## Task goal:
Quote the data exactly, first line to the line containing "DAKOUFISH 11 Inch", with no pictures.

**********

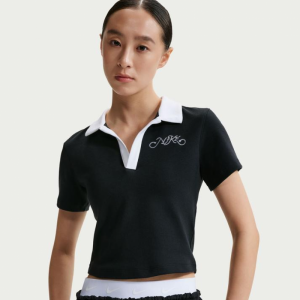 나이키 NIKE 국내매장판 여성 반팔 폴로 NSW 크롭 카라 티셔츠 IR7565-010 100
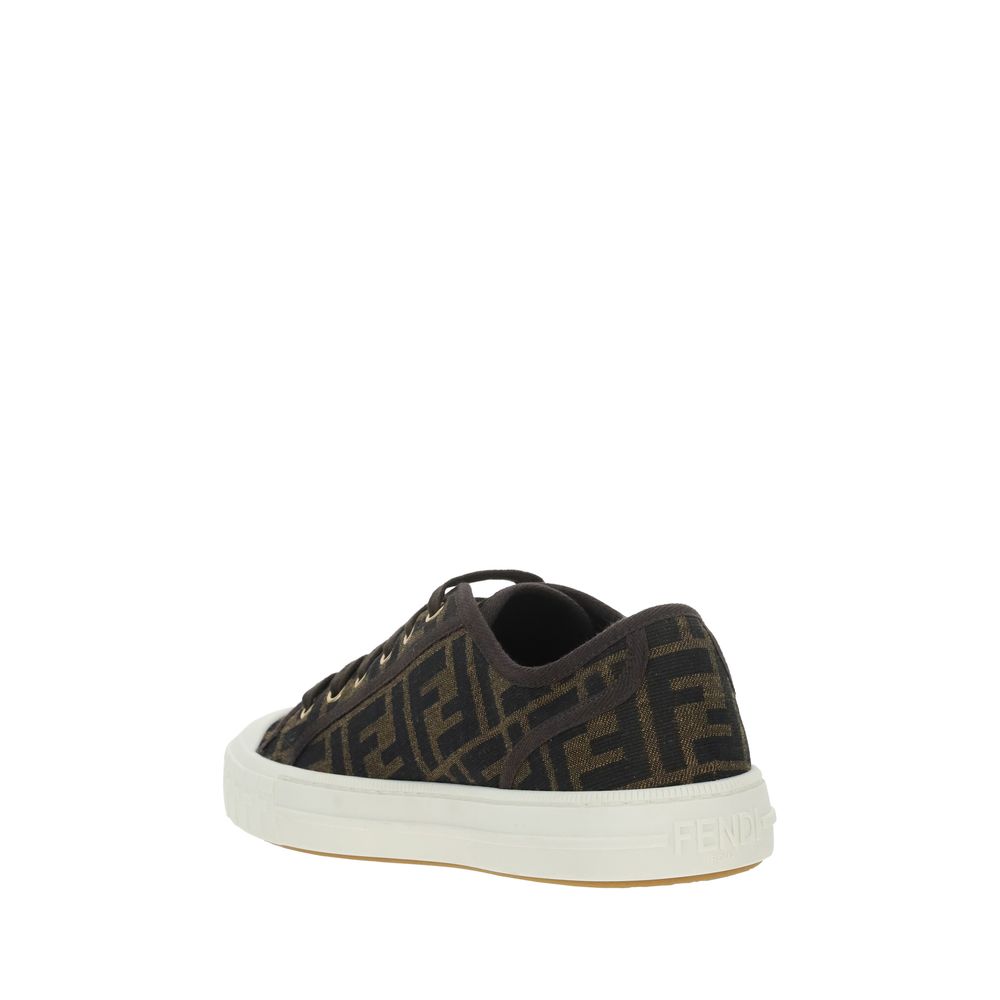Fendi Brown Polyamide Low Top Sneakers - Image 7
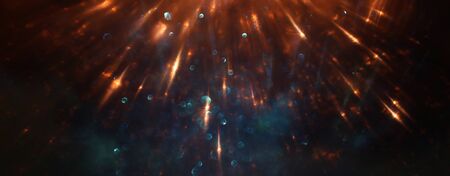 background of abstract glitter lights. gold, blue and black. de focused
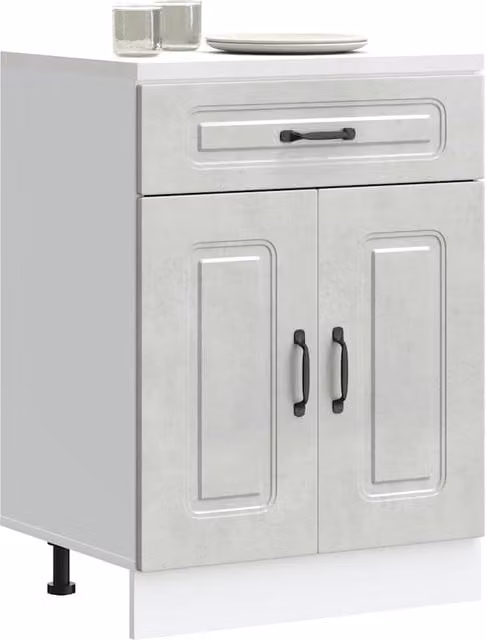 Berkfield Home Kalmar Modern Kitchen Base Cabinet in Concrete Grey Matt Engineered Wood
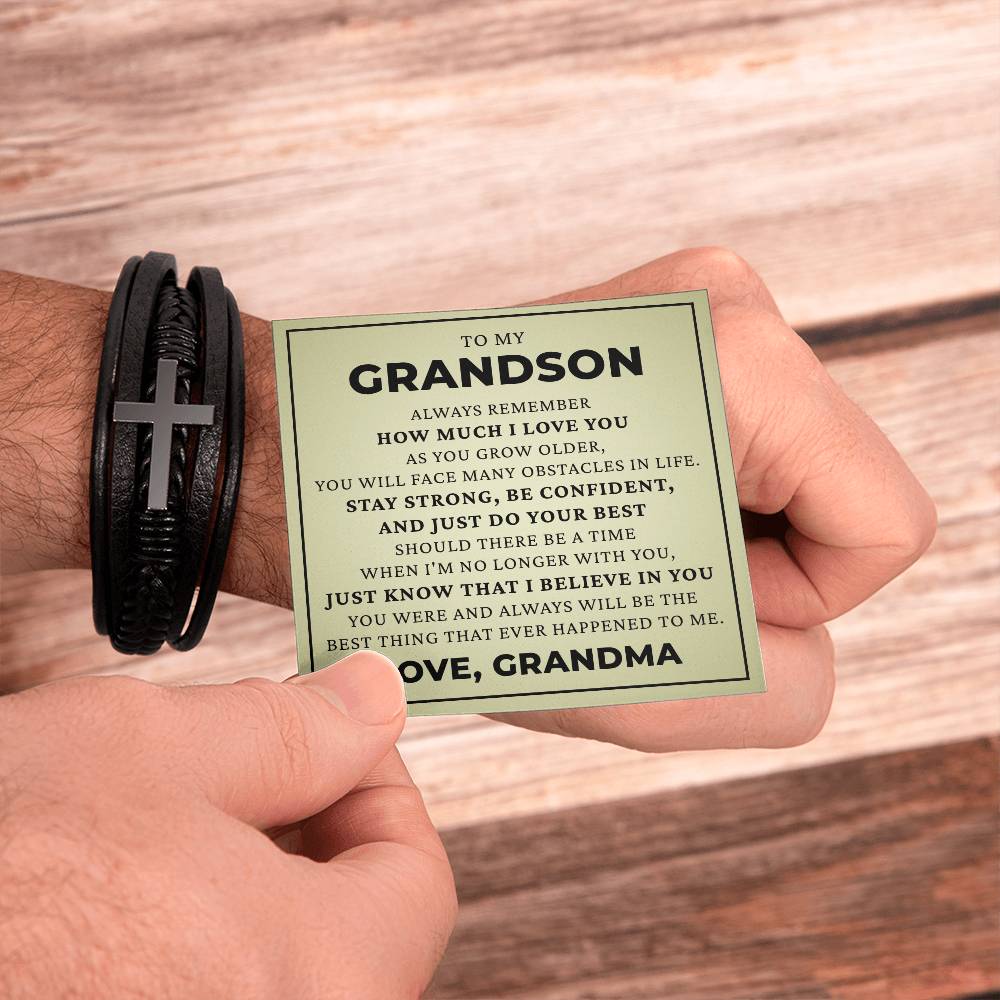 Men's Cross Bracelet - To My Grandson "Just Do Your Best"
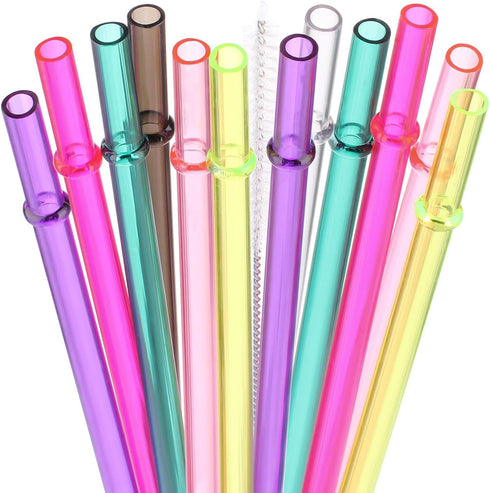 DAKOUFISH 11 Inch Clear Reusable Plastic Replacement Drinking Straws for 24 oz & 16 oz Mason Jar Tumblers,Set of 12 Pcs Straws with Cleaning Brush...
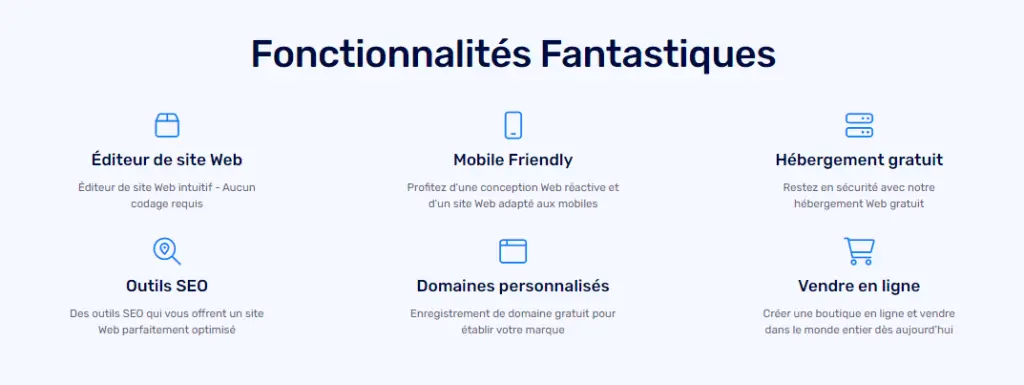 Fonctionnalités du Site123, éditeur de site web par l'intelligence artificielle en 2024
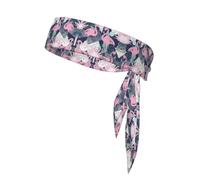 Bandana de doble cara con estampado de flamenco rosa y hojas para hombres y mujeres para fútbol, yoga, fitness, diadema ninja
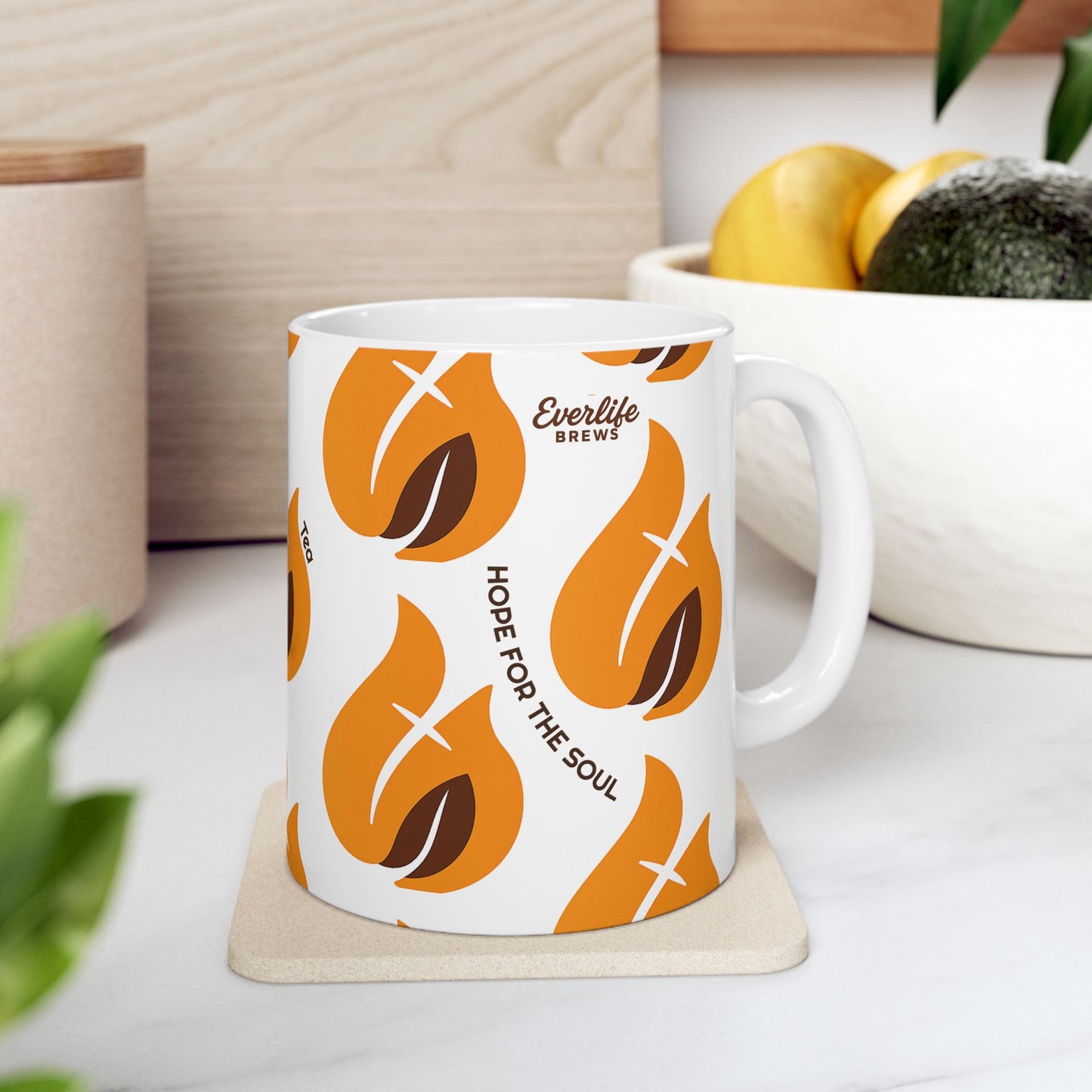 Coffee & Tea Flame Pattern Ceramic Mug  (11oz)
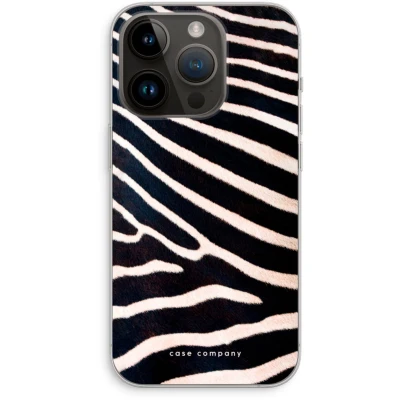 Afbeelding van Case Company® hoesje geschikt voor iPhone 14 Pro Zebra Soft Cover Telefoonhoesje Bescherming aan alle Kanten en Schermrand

**********

## Exercise solution:
 나이키 NIKE 국내매장판 여성 반팔 폴로 NSW 크롭 카라 티셔츠 IR7565-010 100
Fendi Brown Polyamide Low Top Sneakers - Image 7
 background of abstract glitter lights. gold, blue and black. de focused
 Berkfield Home Kalmar Modern Kitchen Base Cabinet in Concrete Grey Matt Engineered Wood
 Men's Cross Bracelet - To My Grandson "Just Do Your Best"
 DAKOUFISH 11 Inch Clear Reusable Plastic Replacement Drinking Straws for 24 oz & 16 oz Mason Jar Tumblers,Set of 12 Pcs Straws with Cleaning Brush...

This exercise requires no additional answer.